# Next Portland Oregon MEET SUNDAY Jan 8th @ 12:30



## fatbike (Dec 18, 2011)

Hope all can make it!!!  Lucky Labrador Brewery 1940 NW Quimby St. Portland OR. The focus is heavy weights and anything prewar but all are welcome regardless of what you ride or don't ride. 



Any questions pleas call 503.708.2627


thanks Derek


----------



## VintageSchwinn.com (Dec 18, 2011)

Hey, I SAW this one!!


----------



## fatbike (Dec 20, 2011)

*Alright!*

Glad you did Aaron. Everyone at the meet the last two were wondering why you haven't been. No pressure of coarse if can't make it, but hope to see you there.


Derek


----------



## Boris (Dec 20, 2011)

VintageSchwinn.com said:


> Hey, I SAW this one!!




Can I still hit you in the head with a board?


----------



## BWbiker (Dec 21, 2011)

*PDX Meet Lucky Lab....*



fatbike said:


> Hope all can make it!!!  Lucky Labrador Brewery 1940 NW Quimby St. Portland OR. The focus is heavy weights and anything prewar but all are welcome regardless of what you ride or don't ride.
> 
> 
> 
> ...




Copy Derek, Over, Brad


----------



## Boris (Dec 22, 2011)

BWbiker said:


> Copy Derek, Over, Brad




There's the slight matter of hoisting the Xerox machine, and would Derek actually agree to being copied. Seems like a lot of work for nothing.


----------



## fatbike (Dec 24, 2011)

*Whats up?*

Hey Brad and Dave. Breaker breaker good buddy! Did i miss something? Whats the question? Dave why would you want to hit me in the head with a board?


----------



## BWbiker (Dec 24, 2011)

*Trucker lingo*



fatbike said:


> Hey Brad and Dave. Breaker breaker good buddy! Did i miss something? Whats the question? Dave why would you want to hit me in the head with a board?

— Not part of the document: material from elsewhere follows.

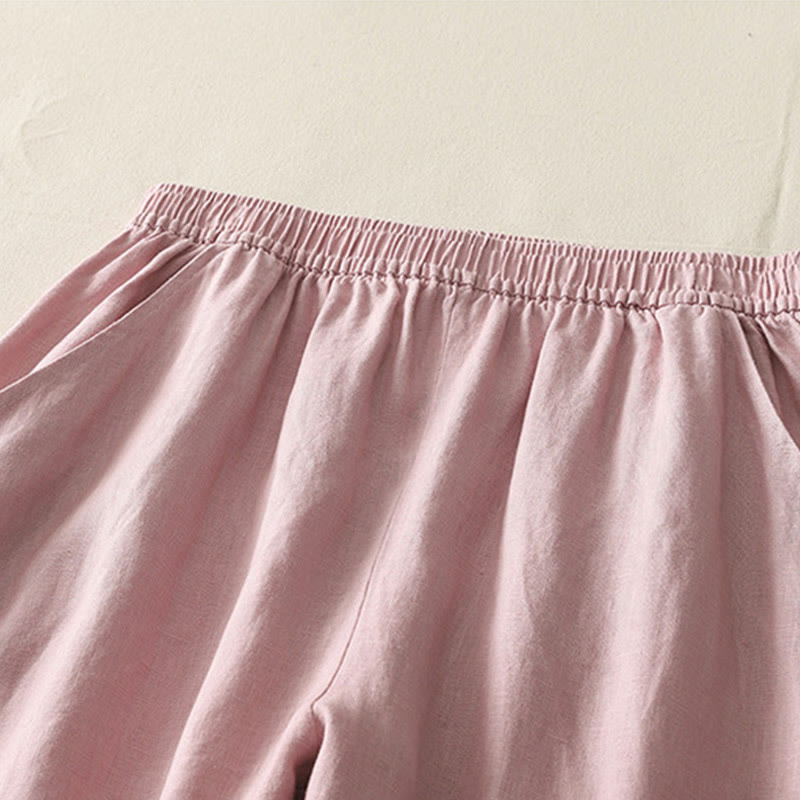 Buddha Stonesサマーデイリー 無地 伸縮性ウエストバンドデザイン レディース ワイドレッグ コットンリネン パンツ ポケット付き - image 10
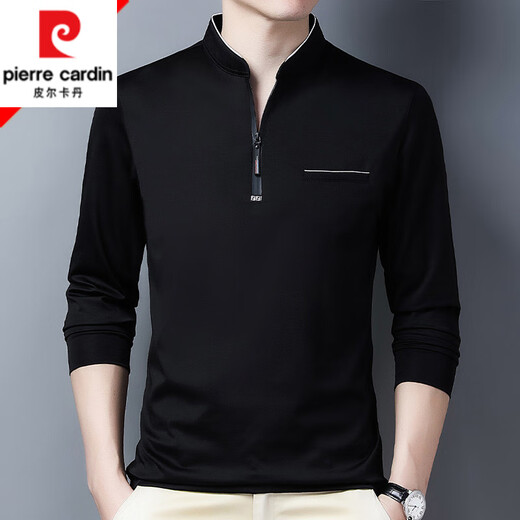 皮尔卡丹（pierre cardin）纯棉长袖t恤男春秋季休闲薄款体恤中年男装立领打底衫上衣 长袖6623黑色 薄款 M 165建议120斤以内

 Hi Derek, and Merry Christmas. I was saying I saw your annoucement in my best trucker babble (10-4 big buddy, copy). I am not sure about the board, I thought Dave was directing that at Aaron. Nothing says Merry Christmas like a board to the head! 
This could get violent with a board, copy machine, all that Chicago iron, and DAVE!


----------



## Boris (Dec 24, 2011)

BWbiker said:


> Hi Derek, and Merry Christmas. I was saying I saw your annoucement in my best trucker babble (10-4 big buddy, copy). I am not sure about the board, I thought Dave was directing that at Aaron. Nothing says Merry Christmas like a board to the head!
> This could get violent with a board, copy machine, all that Chicago iron, and DAVE!




...and the frayed cable. Ahhh, the perfect storm.


----------



## Boris (Dec 24, 2011)

fatbike said:


> Hey Brad and Dave. Breaker breaker good buddy! Did i miss something? Whats the question? Dave why would you want to hit me in the head with a board?

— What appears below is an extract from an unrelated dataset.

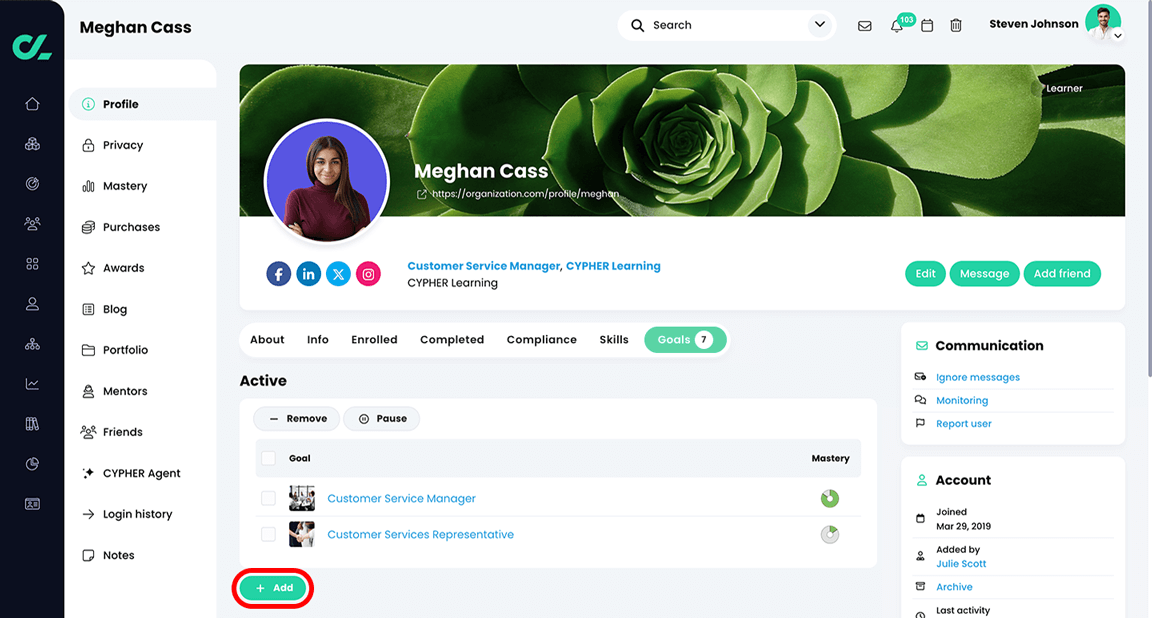 Administrator view of a Learner profile page with the Add button highlighted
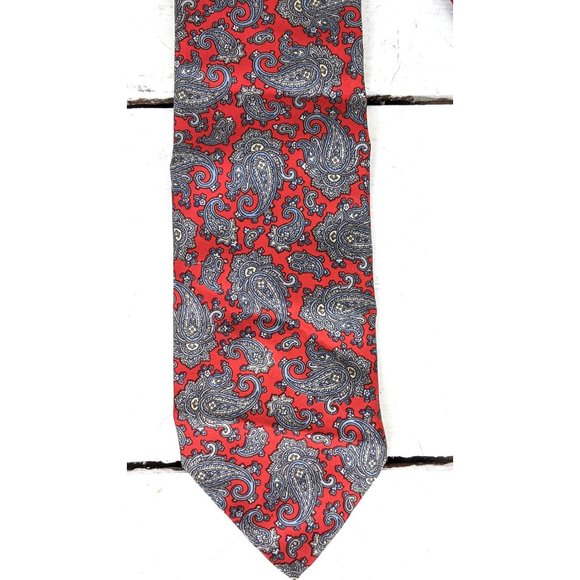 The Ascott Shop La Jolla red grey paisley floral silk necktie John Comfort tie - Picture 3 of 4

Aaron missed the posting for the last meeting and requested that he receive the "board to the head" method of notification for the next one. I volunteered for the job. In answer to your question...well, this could be one reason.  But the line forms behind Aaron. You want some too Brad, or will you be satisfied by just being crushed by the Xerox machine?


----------



## BWbiker (Dec 24, 2011)

*Crushed....*

Yes, crushed by the Xerox machine while Aaron gets the board treatment most cetainly Boris! 
Now what do you haved dreamed up for Derek? The frayed cable....?


----------



## Boris (Dec 24, 2011)

I'm pretty sure that he's in boarding line, and if he agrees to being copied, he'll be the last thing going through your mind.


----------



## Boris (Dec 24, 2011)

BWbiker said:


> Now what do you haved dreamed up for Derek? The frayed cable....?




HEY! Wait a minnit. I'm not volunteering for THAT job!


----------